In the handbook for building a custom kernel, it says you can use MODULES_OVERRIDE or WITHOUT_MODULES to build only modules that need building.  Can anyone advise as to what make.conf config to use in order to set KVA_PAGES for use with a custom ZFS kernel on Intel?


----------



## phoenix (Mar 3, 2012)

KVA_PAGES is a kernel config option. You don't put it in /etc/make.conf. You put it in the config file for your custom kernel, then you compile and install the custom kernel.


----------



## dave (Mar 3, 2012)

Perhaps my question was not worded clearly.

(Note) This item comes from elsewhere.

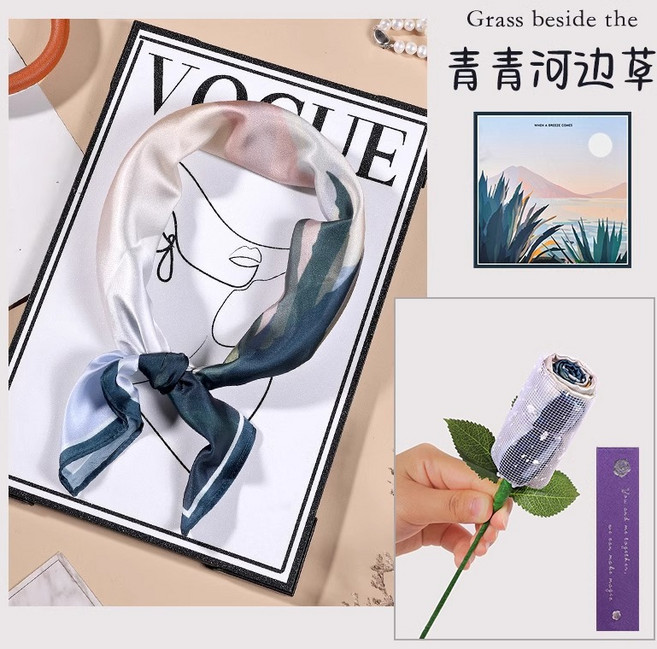 母親節禮物實用小禮品送媽媽老師生日絲巾花束禮盒婆婆長輩伴手禮, 【絲巾花束】青青河邊草+禮盒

I know that KVA_PAGES goes in the kernel conf.  I have done that.  What I am trying ask here is how to minimize the build time for a kernel with no other changes than KVA_PAGES.


----------



## dave (Mar 3, 2012)

Answering my own question with a little help: Since, as you say, KVA_PAGES is a kernel config option, I guess I can put NO_MODULES in make.conf to build only the kernel?  Going to try that.


----------



## phoenix (Mar 3, 2012)

Note: if you do that, you most likely won't be able to load kernel modules from the old kernel. Kernel options tend to propagate through to all the kernels built with that kernel.  While it might seem like a great time-saving shortcut (only compile new kernel based on GENERIC+KVA_PAGES, use modules from GENERIC), if you load module via loader.conf, rc.conf, or the shell, you may end up wasting even more time trying to track down weird incompatibilities.

Nothing wrong with testing the theory, though.


----------



## dave (Mar 3, 2012)

Good to know.  Going to test the theory, since I'm not working on a production machine.


----------